Business Analytics is a very fast growing and important field of study which is built upon the several disciplines such as Statistics, Machine Learning, Artificial Intelligence, Finance and Computer Science. Business Analytics tends to use the Data generated and Gathered by the business processes and provides the insights into the Business Processes and Strategy.
Business Analytics is becoming more and more indispensable tool for the Managers and senior level Management in order to drive the business and maximize the profitability and to ensure the long term survival of the organization. It also provides the companies with the strategies to meet the competition and outperform the rivals.
Now days with ever increasing size of the data and ever increasing method of the data collection, the amount of data is growing exponentially. With the downpour of such a huge amount of data from various sources, the use of automated systems and computer platforms is inevitable. The Humans are living in an information age, where the capabilities of the manual data manipulations have long been surpassed. Business Analytics aims to address such issues which are directly related to the interests of the Business.
There are different types of problems, and for which there exist different solutions to tackle the specific problems. Sometimes a problem can be addressed using more than one technique, in such cases we can use different methods to solve the problems and compare their output and choose the best options. In order to select the best solution the problem at hand must be carefully analyzed and checked. Its business application and contexts must be studied and the scope of the solution should be specified. There are other things also which determine the selection of a particular solution over the others, for example, the volume of the data, Velocity of the data, Software and Hardware constraints, Economic constraints and longevity of the solution provided. The solution must be scalable for the future needs and must be easy to improve upon.
The Objective of this project is to investigate the Business Analytics problems and to develop the solution using the industry standard tools and techniques. To understand the problems faced by almost every company. And provide them with a feasible solution. This project aims to understand and develop the solutions based on the Statistical Analysis and Machine Learning.

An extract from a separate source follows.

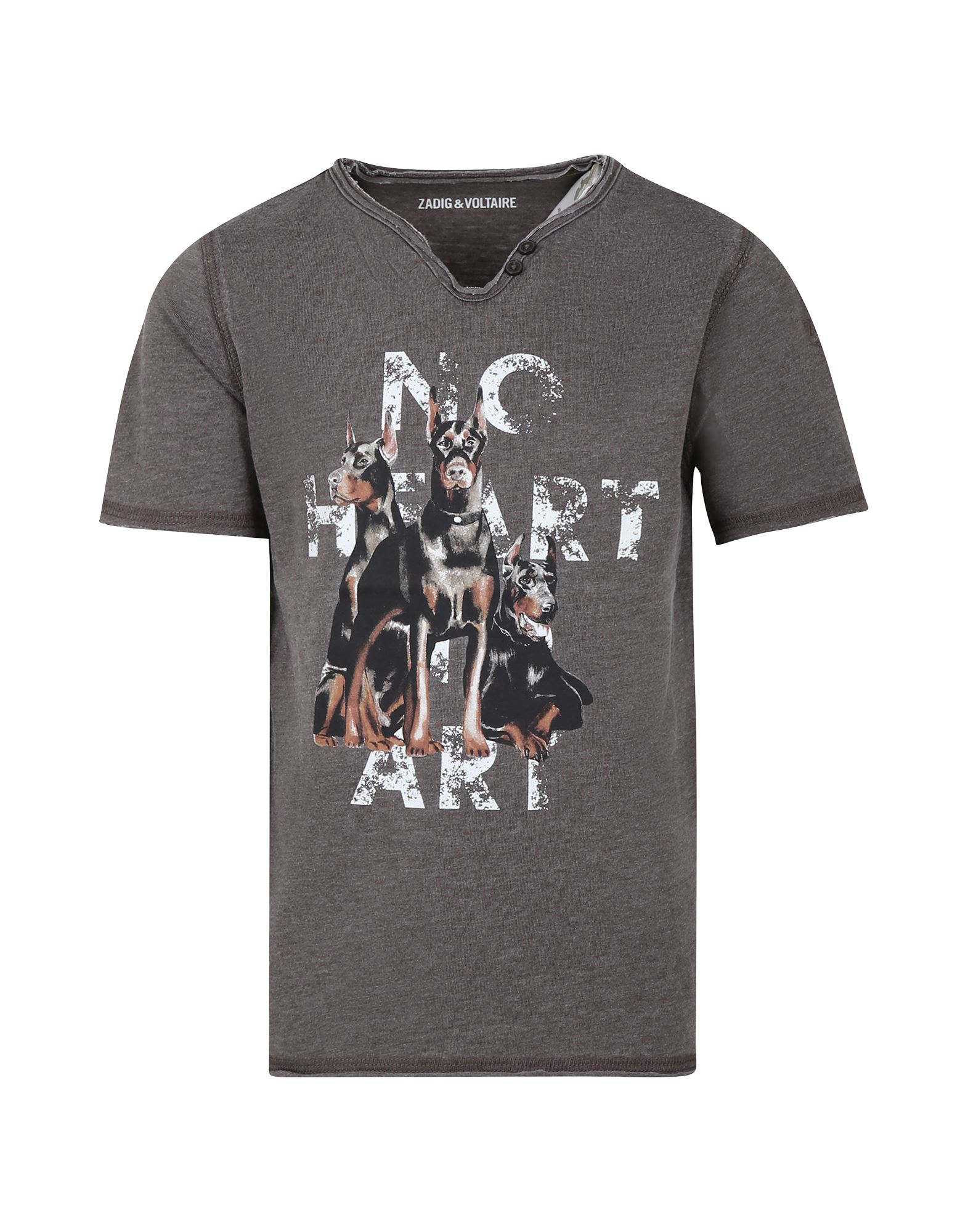 ZADIG&VOLTAIRE T-shirts Kinder Grün von ZADIG&VOLTAIRE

The Analytics problems are data driven. A lot of thought is to be given on the two ends- namely Business Problem and Solution. Generally Analytics projects are headed by the experienced professionals from both ends. Since a Manager or a Business expert lacks the knowledge of the Analytical and Statistical methods and their intricacies. Hence he alone cannot tackle the problem by himself. There are various ways to solve a same problem with their merits and demerits, so an expert advice is also required.

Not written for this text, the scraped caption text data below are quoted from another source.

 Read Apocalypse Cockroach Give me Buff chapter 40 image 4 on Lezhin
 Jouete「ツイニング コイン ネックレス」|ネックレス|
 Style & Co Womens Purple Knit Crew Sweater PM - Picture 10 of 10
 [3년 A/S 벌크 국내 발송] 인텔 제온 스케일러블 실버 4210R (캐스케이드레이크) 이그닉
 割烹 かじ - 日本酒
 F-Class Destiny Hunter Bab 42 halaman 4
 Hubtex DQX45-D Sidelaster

This Project aims to address the technical end of the Analytics i.e. the Analysis and problem solving part. This project uses the most advanced techniques of Supervised Learning to crack the real world business problems. In this project the most effective techniques are used and discussed, such as Logistic Regression, Linear Regression, Time Series Analysis and Decision Trees. All the methods are used and the results are checked for their effective use and validity.
Another dimension of the project is to use and gain experience in a rapidly developing Statistical and Data Mining tool R. R is an open source technology which is one of the most rapidly growing framework. Now R is widely used in the industry and accepted throughout the cross platform applications. The contributors of R from many universities continuously develop the R packages for a Spectrum of the Statistical and Data mining, and Analytics problems.
The purpose of the Project is to gain insight into the Data analysis and Data mining application in Business Analytics. In order to fulfill the purpose and get the desired results the most important techniques and frequently used problems in the Business Analytics are addressed and solved. Case studies are done on the real business problems from the real data.
In order to make a comprehensive detail of the problem solving three Case studies are presented in this report which directly address the real world problem of Customer Attrition, Upselling and Cross selling is undertaken for study and solving. These are the prime problems which are faced by the companies regardless of their size in almost all spheres of businesses. The approach is data driven and employs the Supervised learning solutions. The Regression is one of the most versatile statistical techniques. There are thousands of different types of regressions which exist today to address different types of problems in various fields. But essentially the core idea remains the same. In this project the two most important type of Regressions are used namely, Linear Regression and Logistic Regression. While linear regression is used in the predictive modeling with the continuous variables, the Logistic regression is used to deal with the Qualitative data.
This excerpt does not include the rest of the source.